Hey guys, do you know if swift will be ever open-sourced? After the WWDC they said that was early to think about it while in beta. So, what's the status now?
You can't even build Xamarin's sample project without demoing a commercial license, because the sample project is falls outside the app size restriction.
Actually there is. One of the big selling points of Go is its ability to produce self contained binaries. Swift would share this but also be a language that is more full featured.
GNUStep failure is more to do with Objective-C being such an odd language for most people.
Fond memories. I used to use WindowMaker on my old RH 6.2 system (or was it 7?), maybe even Fedora 1. But I never understood the dock - I was expecting a Windows-style task bar and the dock really isn't that.
The fact that it sat beneath other windows meant you had to constantly shift windows to get to it, which I found frustrating. Likely a configuration option?
It probably runs excellently on modern hardware, albeit with no GPU acceleration or anything to reduce main CPU cycles.
Apple opensoucred their Objective-C compiler only because the GPL on the GCC forced them. They invested a lot in the BSD licenced LLVM. I don't think they did this just for fun, but to avoid they have to do that.
It was streamed in the open HTTP Live Streaming protocol. It just so happens that the only web browser that implements it in Safari. Worked fine in VLC.
Is there any other way to do live streams embedded on a web page without a proprietary Flash plugin?
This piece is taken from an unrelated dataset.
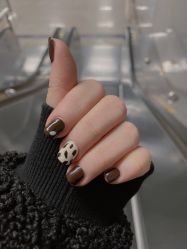 点击看大图 -Meet Nail 美睫·美甲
Hardly open. It'd be like if Google rewrote the Gmail frontend to native dart and then just blamed the other browsers for not having a native Dart VM. Dart is even standardized (by ECMA), unlike HLS which isn't standardized.
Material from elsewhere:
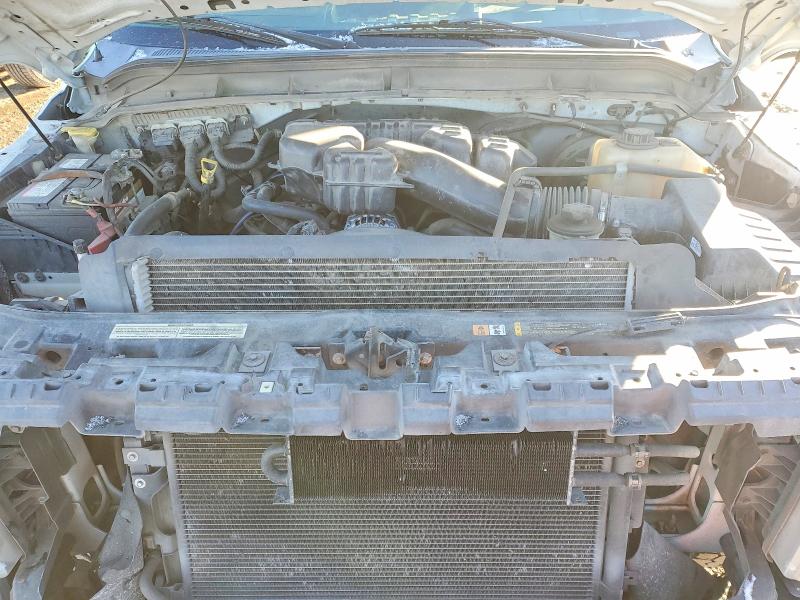 Photo 12 from auction – 2014 FORD F250 SUPER with VIN 1FT7X2A65EEB26843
I would be interested in a Swift port for Linux server-side/command line dev. Not so much client UI dev. Swift on Linux servers could help Apple sell more Macbooks to developers.
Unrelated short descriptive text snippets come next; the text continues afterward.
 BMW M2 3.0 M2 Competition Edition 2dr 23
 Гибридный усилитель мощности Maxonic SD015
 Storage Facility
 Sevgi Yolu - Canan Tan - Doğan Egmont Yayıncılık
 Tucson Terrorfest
And Microsoft puts money on F#, Haskell and OCaml, all of which already have better Linux support.
Swift is great for pushing functional programming down the throat to mainstream developers that wish to target iOS, but it is no more pragmatic than OCaml or F#.
For the OP use case, targeting Linux server software is already better served by the languages I mentioned.
If Apple decides/realizes Swift was a bad idea, you will be out of luck with your codebase. Unlike open source where users can continue the work of the corporation.
It would enable porting to other platforms, and it's also just useful to be able to look at how things implemented. I've benefitted a lot from being able to look at the Objective-C runtime source code, for example, because I can see how things work or where things go wrong.